Task: If pictures appear in the lines below, skip them and copy exactly the lines from the one containing "Welcome back to" through the one containing "If you're not", and nothing else.

Supplied material:
********************

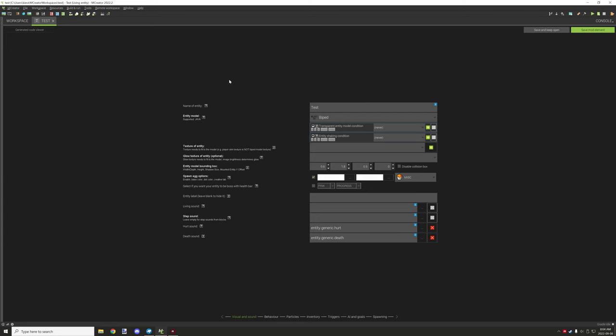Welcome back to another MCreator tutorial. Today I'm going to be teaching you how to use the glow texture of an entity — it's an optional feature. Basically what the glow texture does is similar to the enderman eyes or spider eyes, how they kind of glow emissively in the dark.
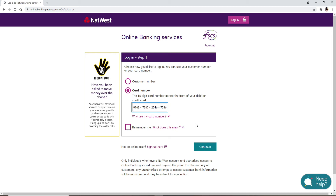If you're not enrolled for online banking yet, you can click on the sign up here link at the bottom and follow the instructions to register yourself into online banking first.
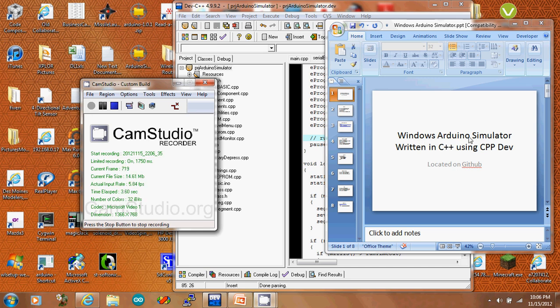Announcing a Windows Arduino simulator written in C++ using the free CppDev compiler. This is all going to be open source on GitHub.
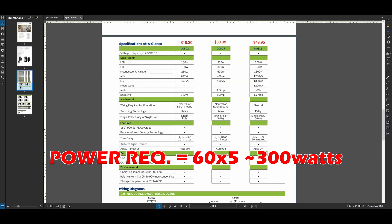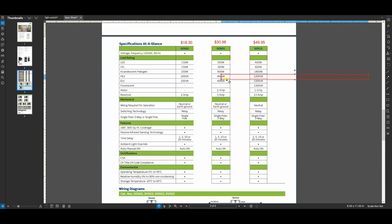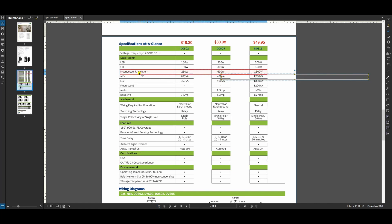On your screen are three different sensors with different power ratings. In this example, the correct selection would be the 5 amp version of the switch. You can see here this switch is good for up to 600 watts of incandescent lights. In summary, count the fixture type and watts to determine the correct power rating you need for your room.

********************

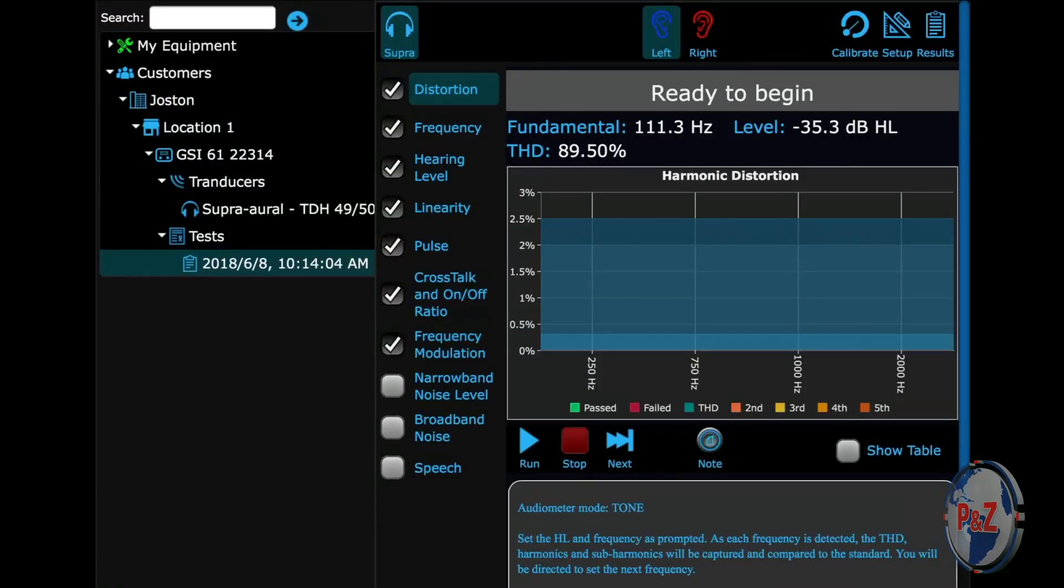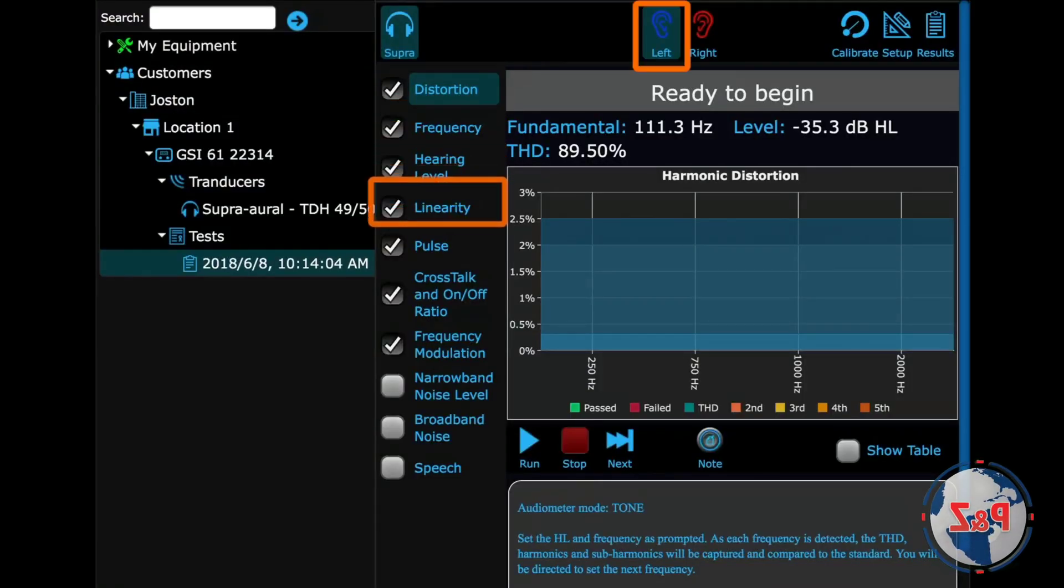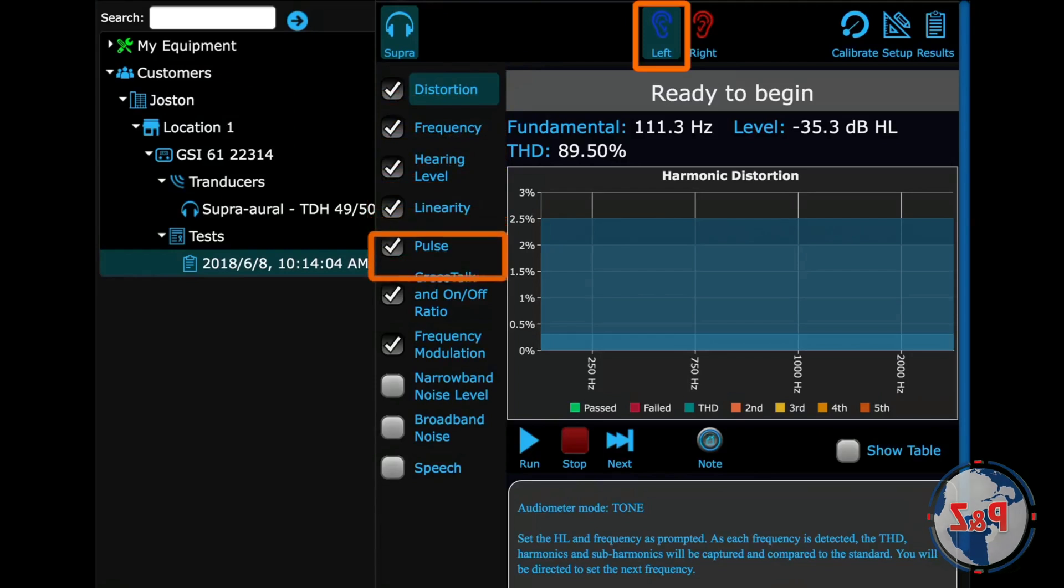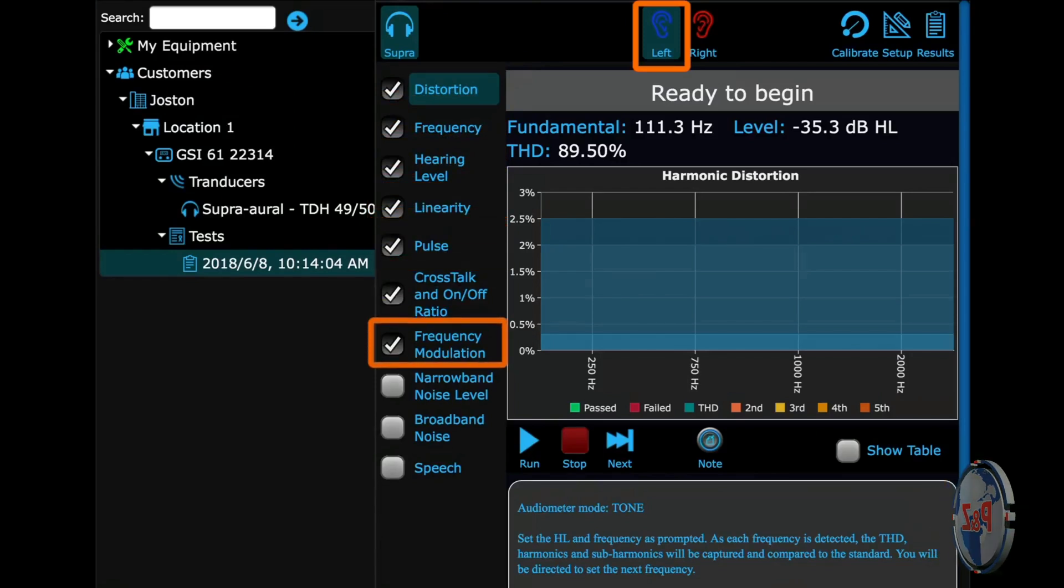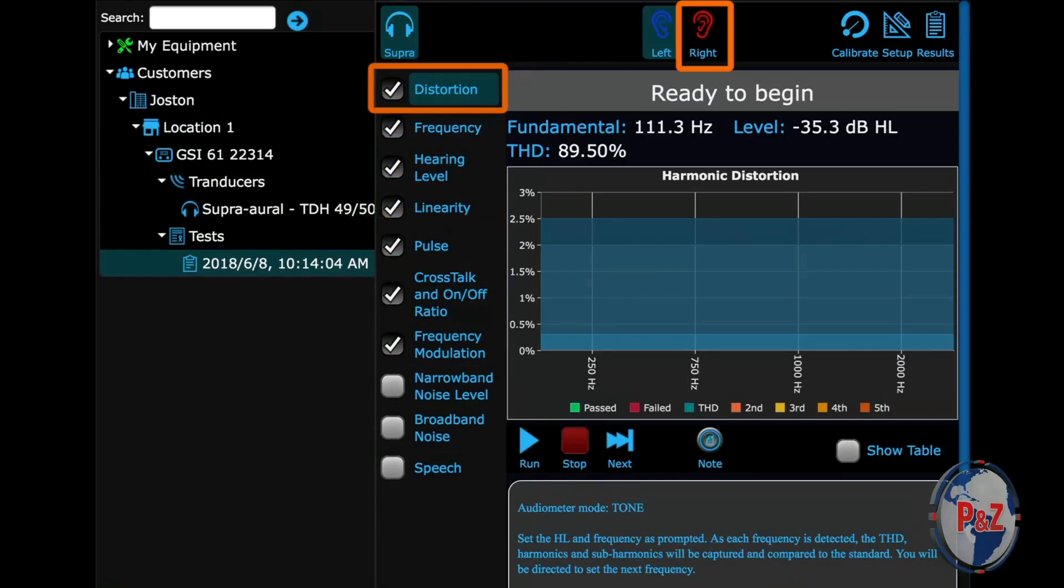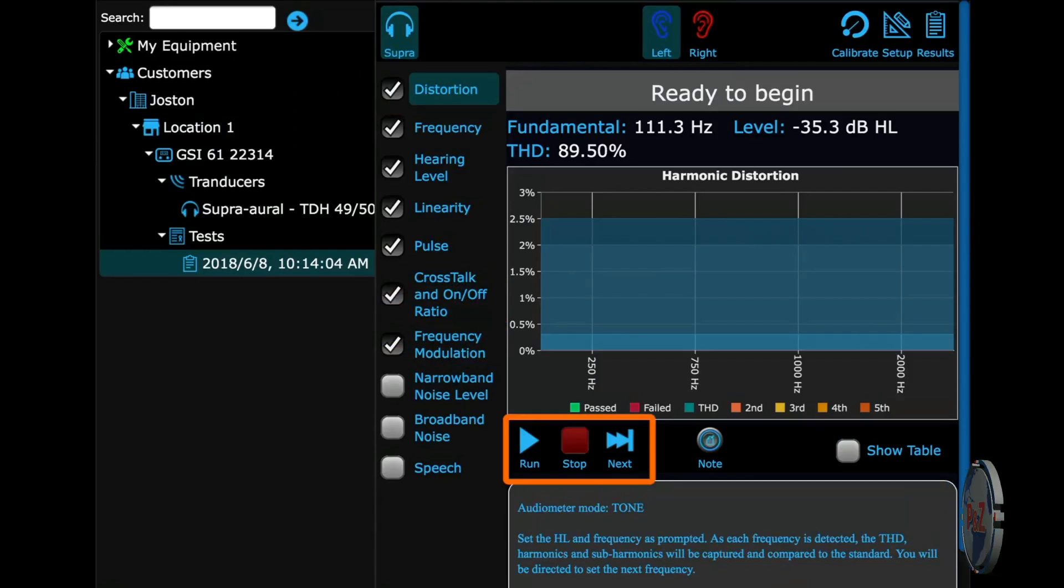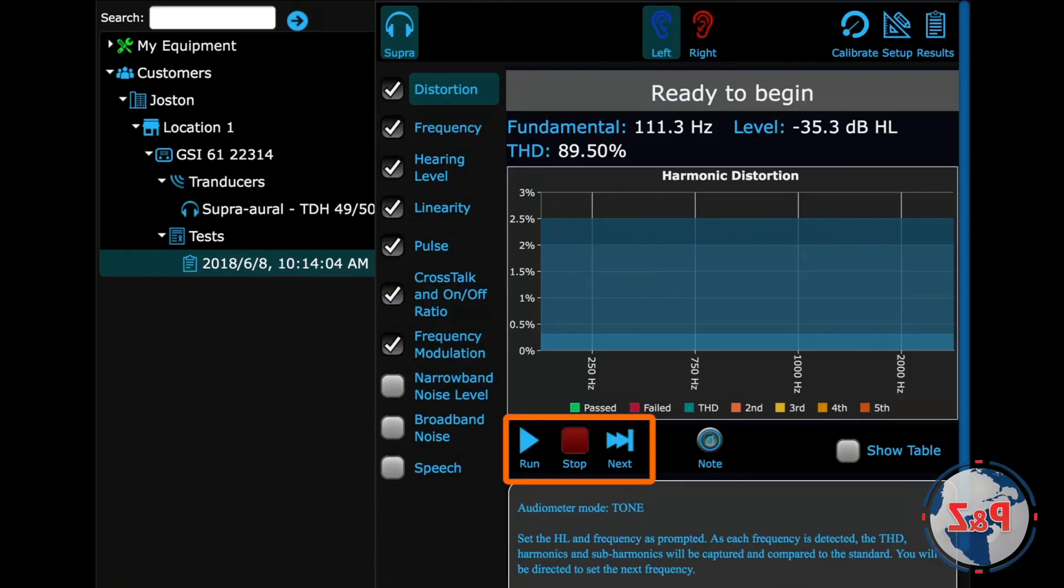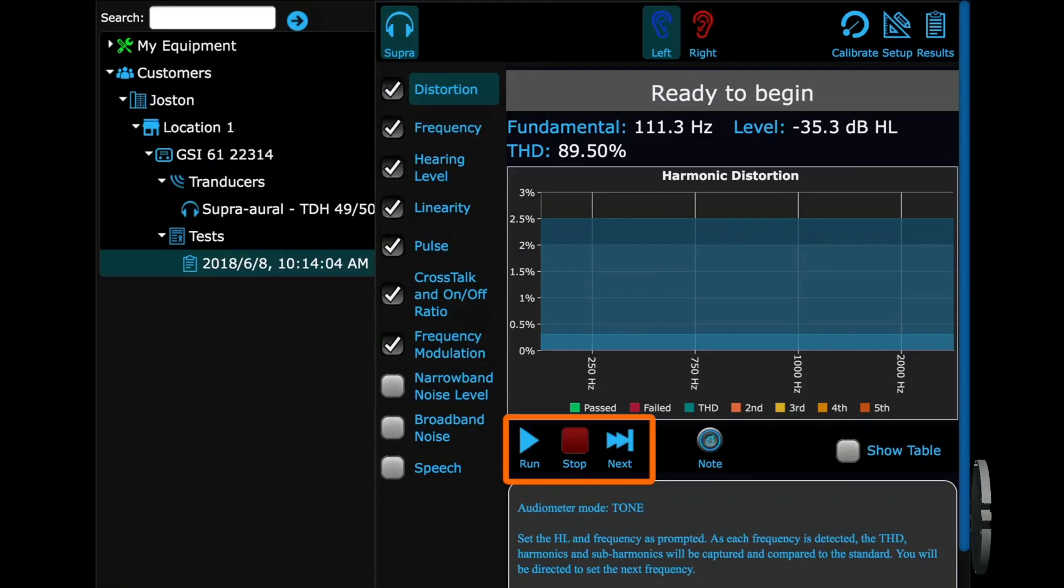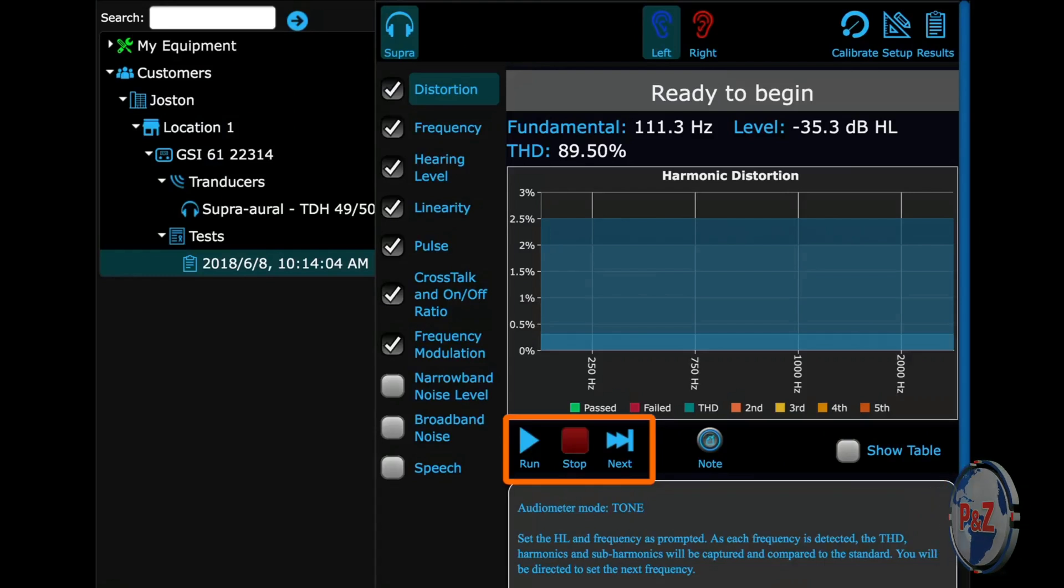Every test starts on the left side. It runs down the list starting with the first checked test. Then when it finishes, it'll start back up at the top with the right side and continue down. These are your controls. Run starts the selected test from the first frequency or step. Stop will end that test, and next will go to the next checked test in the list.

********************

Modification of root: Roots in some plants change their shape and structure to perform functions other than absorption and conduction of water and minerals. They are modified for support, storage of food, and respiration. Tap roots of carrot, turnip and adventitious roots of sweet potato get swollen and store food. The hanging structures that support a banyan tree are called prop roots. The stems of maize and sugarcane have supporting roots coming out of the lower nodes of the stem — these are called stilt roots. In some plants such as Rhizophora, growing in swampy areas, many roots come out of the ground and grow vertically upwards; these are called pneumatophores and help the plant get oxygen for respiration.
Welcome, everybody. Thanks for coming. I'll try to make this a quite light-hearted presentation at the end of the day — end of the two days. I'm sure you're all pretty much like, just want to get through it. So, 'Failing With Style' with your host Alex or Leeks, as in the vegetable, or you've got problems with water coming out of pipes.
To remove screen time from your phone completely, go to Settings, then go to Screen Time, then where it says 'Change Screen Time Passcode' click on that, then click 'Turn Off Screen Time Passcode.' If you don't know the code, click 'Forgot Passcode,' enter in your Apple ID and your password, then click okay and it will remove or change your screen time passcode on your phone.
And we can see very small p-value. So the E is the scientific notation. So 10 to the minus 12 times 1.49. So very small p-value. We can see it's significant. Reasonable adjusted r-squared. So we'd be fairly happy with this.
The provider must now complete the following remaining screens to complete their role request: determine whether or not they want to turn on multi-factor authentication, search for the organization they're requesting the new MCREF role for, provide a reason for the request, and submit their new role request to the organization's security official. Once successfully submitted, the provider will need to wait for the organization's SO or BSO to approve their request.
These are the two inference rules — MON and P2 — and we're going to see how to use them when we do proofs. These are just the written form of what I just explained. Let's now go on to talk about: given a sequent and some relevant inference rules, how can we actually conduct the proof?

********************

Answer to this task:
Welcome back to another MCreator tutorial. Today I'm going to be teaching you how to use the glow texture of an entity — it's an optional feature. Basically what the glow texture does is similar to the enderman eyes or spider eyes, how they kind of glow emissively in the dark.
If you're not enrolled for online banking yet, you can click on the sign up here link at the bottom and follow the instructions to register yourself into online banking first.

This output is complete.